Foto © Greyson Joralemon/Unsplash
Das virtudes teologais, a esperança é talvez a mais invisível, incompreendida e, no nosso tempo, desprezada. Custa esperar. Esperar o quê e para quê? E como se espera?
Num tempo que promete tudo a curtíssimo prazo, a esperança cristã parece um adereço de velhos, um artifício em desuso e sem graça.
O que está na moda são os passos frenéticos em direção a mil lugares, o tumulto interior deixando indecifrados tantos sinais, a agitação exterior buscando distrações, dispersando-se em deveres e implodindo em rotinas…

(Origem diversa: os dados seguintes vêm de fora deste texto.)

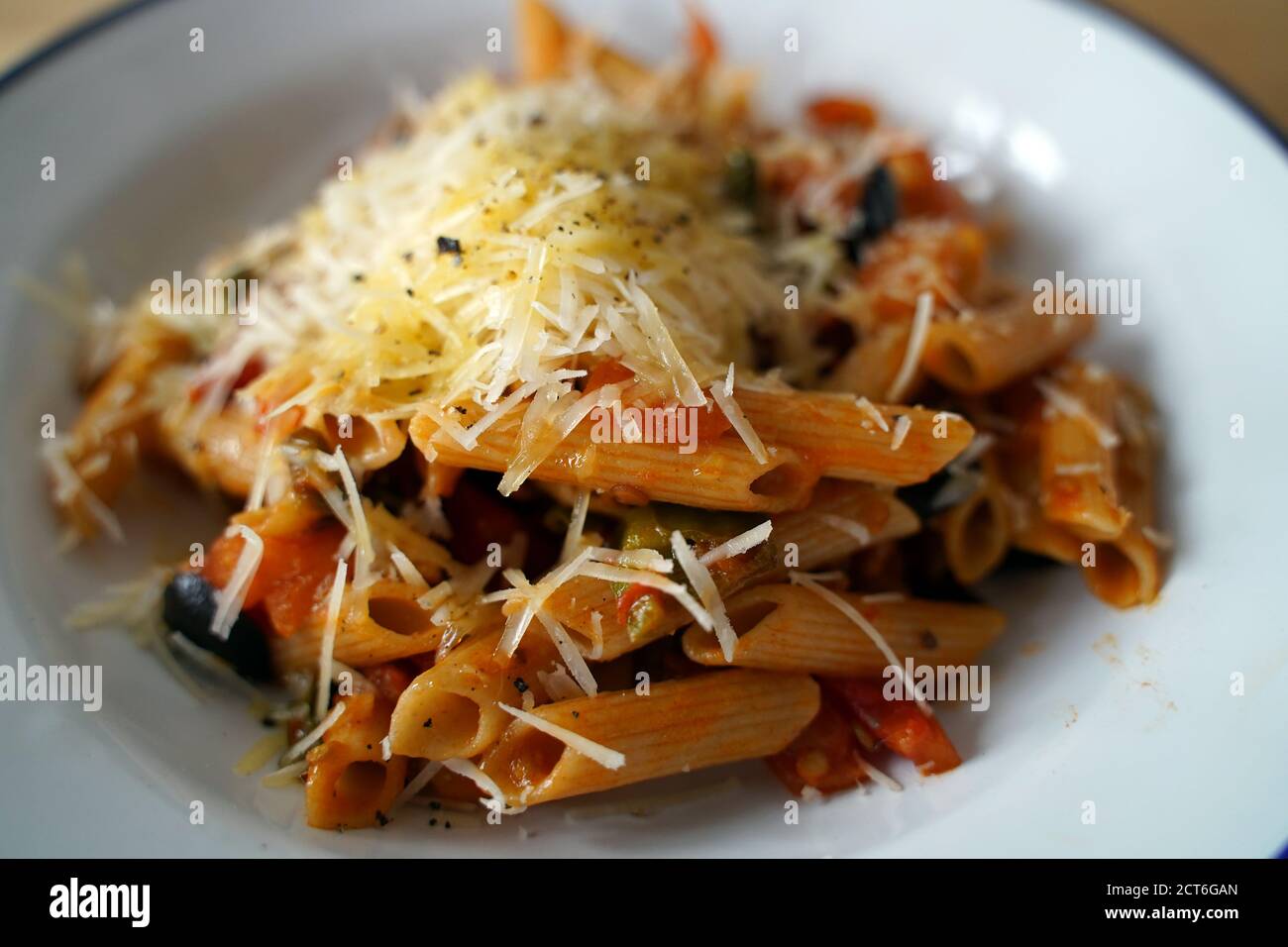 Penne con salsa di pomodoro, parmigiano e basilico fresco Foto Stock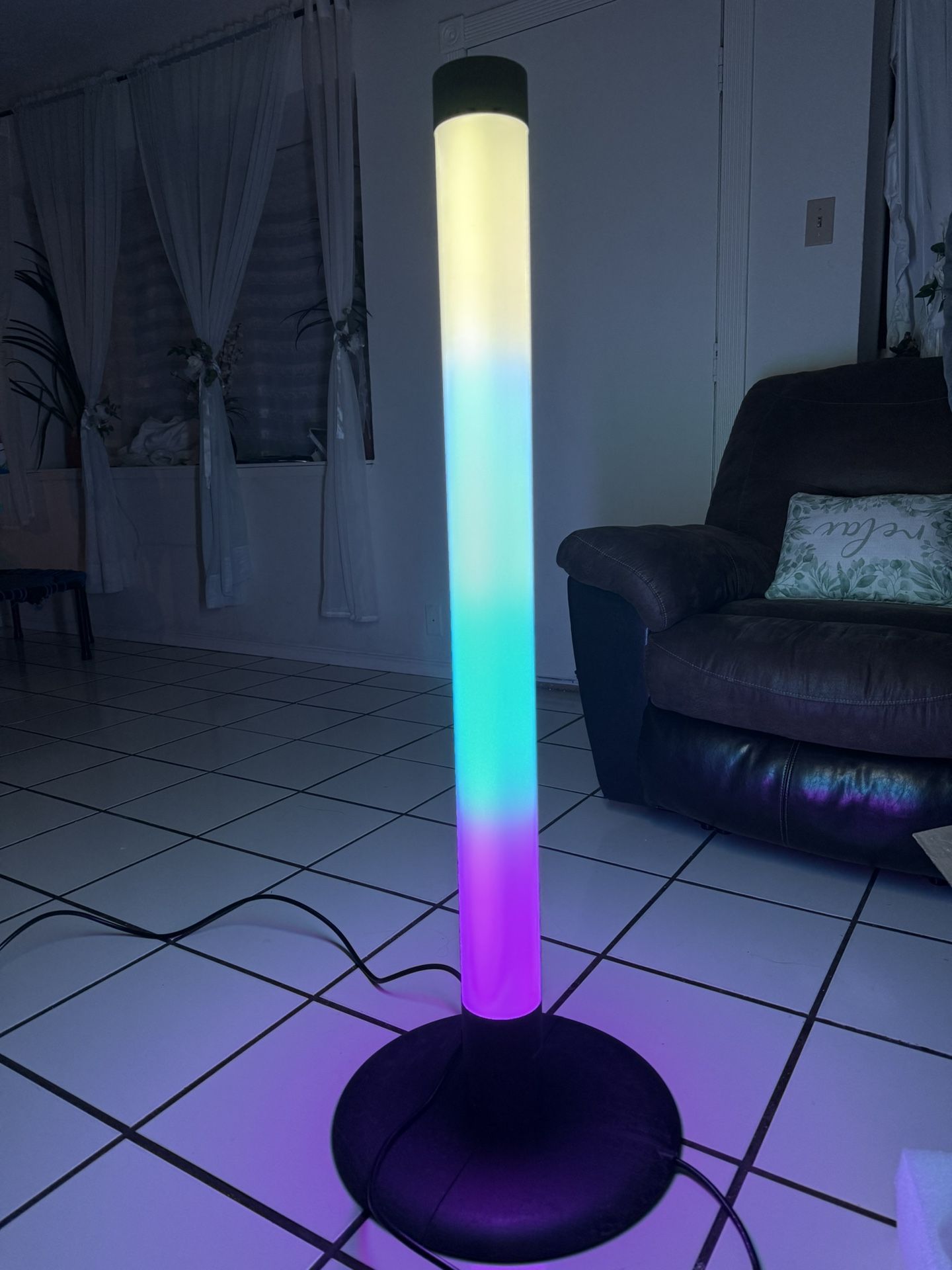 Atomi Smart WiFi LED Outdoor Floor Lamp - Like New!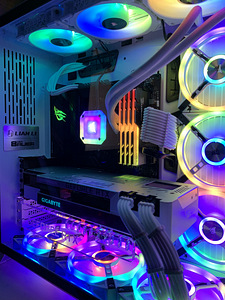 High End Gaming PC | RTX 3080 Ti (8 foto / 10)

Num mundo que promete felicidades fáceis e à mão, correr atrás delas é o mote, invejando a correria dos outros que lá chegam primeiro. E, ali, compulsivamente gerar likes e stories, já cá estive e sou o máximo, como se a felicidade fosse um puzzle de lugares de sonho ou de gente importante.
A espera pode então ser vista como o reduto dos pobres, aqueles que se permitem nadar no tempo porque o têm, submergindo e deixando de ouvir os ruídos dos outros para apenas ficar, na apneia do sossego, reduzidos ao essencial do ser.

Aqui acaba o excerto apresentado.